Primo, qu’il soit encore possible de faire des vœux : car ne voit-on pas une foule grandissante de nos contemporains en train de se liguer contre les fomenteurs de vœux, les comploteurs d’espoir, les expérimentateurs d’avenir ? ne sont-ils pas innombrables, soudain, à jouer avec le nihilisme et à sembler prendre en horreur tout futur, tout projet, toute temporalité, toute intensité ?

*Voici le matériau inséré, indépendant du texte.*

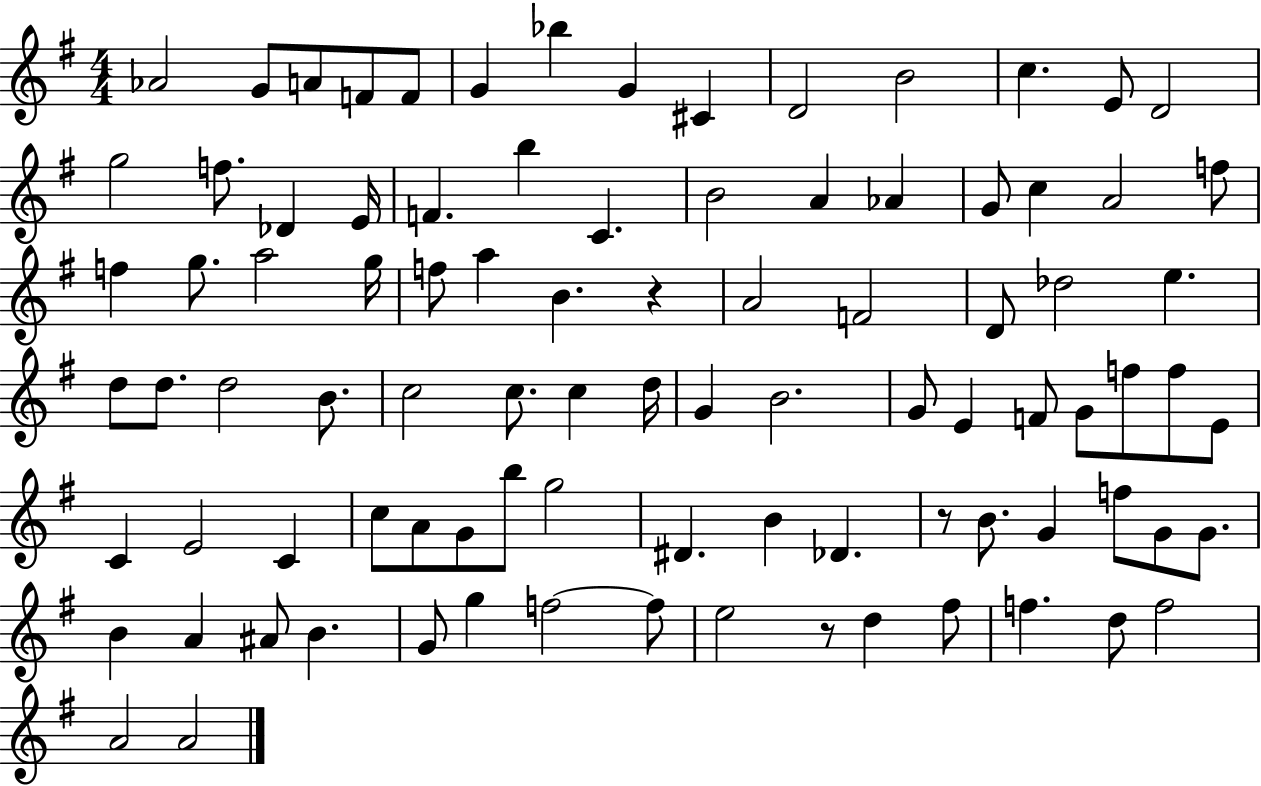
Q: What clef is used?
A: treble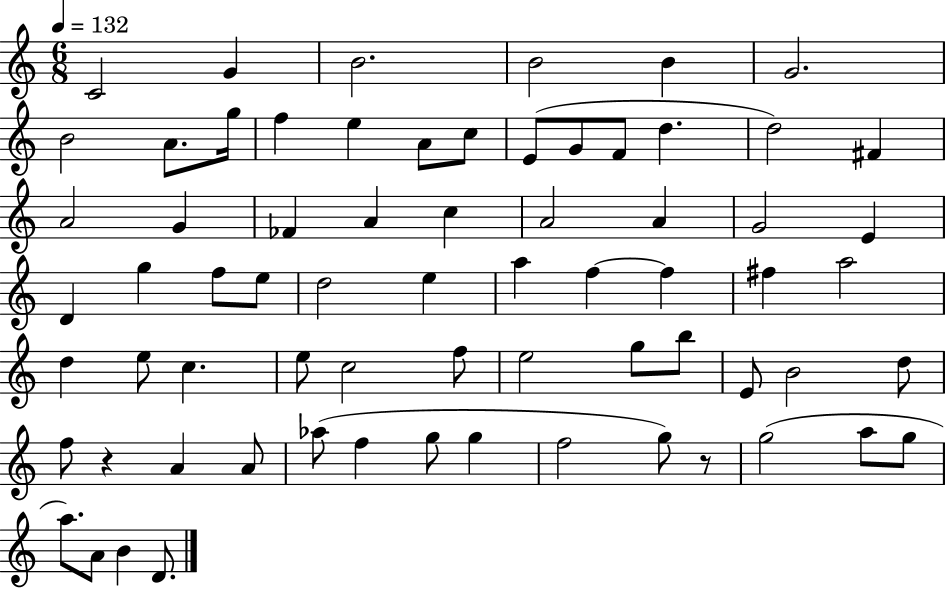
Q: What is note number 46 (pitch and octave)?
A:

Secundo, que le XXIe siècle, qui va entrer dans sa 20e année, décide enfin de dire qui il est : le siècle précédent, au même âge, avait déjà traversé le symbolisme, Proust, Joyce, Stravinsky, D’Annunzio, l’aviation, les tranchées, la mort industrielle, la fin du miracle austro-hongrois, la mort-née de la SDN ; nous ? la clé USB ; la dataïsation galopante ; Poutine et les fantômes de l’islamisme radical ; la zone indifférenciée du tourisme mondial ; c’est peu ; c’est piteux.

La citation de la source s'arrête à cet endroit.